Ça me fait aussi penser que dans les années 1930, il y a eu une adaptation libre de Dracula : The Death’s Head Stranger, par Seishi Yokomizo. Le vampire y campe une figure historique qui a essayé de diffuser le christianisme au Japon. Ça va de pair avec la façon dont les Japonais utilisent les chrétiens dans leurs récits, où ces derniers incarnent de manière récurrente le mal. Les anges ont ainsi un côté assez démoniaque. Et les prêcheurs chrétiens sont des vampires tout trouvés.
Est-ce qu’on peut également dire qu’on a longtemps eu un biais lié à un effacement de la place des femmes dans l’histoire du manga ? Les mangas de vampires de Tezuka et Mizuki sont disponibles en français depuis des années. Et à côté de ça on a le Clan des Poe qui arrive tout juste dans notre langue.

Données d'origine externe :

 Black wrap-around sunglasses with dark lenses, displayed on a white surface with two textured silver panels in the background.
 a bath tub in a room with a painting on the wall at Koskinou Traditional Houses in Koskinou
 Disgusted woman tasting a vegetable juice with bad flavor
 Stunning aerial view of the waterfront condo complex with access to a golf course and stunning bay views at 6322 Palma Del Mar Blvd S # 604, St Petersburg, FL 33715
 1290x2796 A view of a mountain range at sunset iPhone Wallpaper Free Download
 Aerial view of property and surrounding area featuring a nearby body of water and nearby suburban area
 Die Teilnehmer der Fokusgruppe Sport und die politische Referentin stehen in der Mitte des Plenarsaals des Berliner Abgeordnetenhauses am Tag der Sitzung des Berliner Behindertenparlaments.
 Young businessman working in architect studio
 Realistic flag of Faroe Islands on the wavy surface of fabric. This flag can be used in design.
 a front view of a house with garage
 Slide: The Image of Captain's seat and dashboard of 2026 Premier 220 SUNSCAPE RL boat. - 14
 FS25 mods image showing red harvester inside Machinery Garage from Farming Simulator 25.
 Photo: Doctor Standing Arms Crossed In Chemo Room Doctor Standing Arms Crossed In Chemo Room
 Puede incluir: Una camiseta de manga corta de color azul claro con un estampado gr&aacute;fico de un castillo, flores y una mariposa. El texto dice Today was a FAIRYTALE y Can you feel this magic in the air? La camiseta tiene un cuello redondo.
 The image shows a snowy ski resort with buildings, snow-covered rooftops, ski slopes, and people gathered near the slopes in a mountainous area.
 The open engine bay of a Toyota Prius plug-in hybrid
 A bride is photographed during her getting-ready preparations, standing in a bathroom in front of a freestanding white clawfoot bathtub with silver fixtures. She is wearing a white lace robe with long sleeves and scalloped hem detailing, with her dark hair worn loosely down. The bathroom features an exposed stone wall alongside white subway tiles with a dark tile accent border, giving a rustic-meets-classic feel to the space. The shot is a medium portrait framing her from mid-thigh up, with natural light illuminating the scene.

C’est une certitude. Des femmes mangakas, il y en a dès les années 1930. Et elles ont constitué un noyau important à partir des années 1960. Sauf qu’à cette période, il y a peu de mangas publiés en volumes reliés. On perd d’une certaine façon le nom de ces autrices à cause de cela, et elles sont peu connues du grand public aujourd’hui, même au Japon. Il faut réellement attendre les années 1970 pour que les volumes reliés se standardisent. C’est en effet à cette époque que Moto Hagio ou Riyoko Ikeda, l’autrice de La Rose de Versailles, se font connaître. C’est donc elles qui vont être les premières dont on va retenir le nom et les oeuvres. Et là encore, on a plus tendance à mettre en avant des auteurs comme Mizuki et Tezuka. On pourrait dire que c’est une forme de misogynie. Mais il y a aussi des mangakas hommes qui sont passés sous silence. Shōtarō Ishinomori, dont on parlait, plus haut, est une figure très importante. Alors qu’en France, il est très peu connu.
C’est un problème contre lequel on essaie de lutter avec un mouvement comme « Libérer les shôjo ». On tente par ce biais de remettre en avant les shôjo, et par extension les femmes mangakas.
Si l’on en revient au vampire, on a déjà dit que c’est une figure que les femmes se sont très vite approprié. Alors qu’en France, on ne voit sur le sujet quasi que des auteurs masculins, ou s’il s’agit de mangakas femmes, des histoires très clichées. Il y a de fait énormément de choses publiées par des autrices sur le thème. On pense à des titres tels que Vampire Host de Yuki Kaori. Ce n’est pas anodin que celle qu’on considère comme l’autrice gothique du manga des années 2000 ait proposé un récit sur le sujet.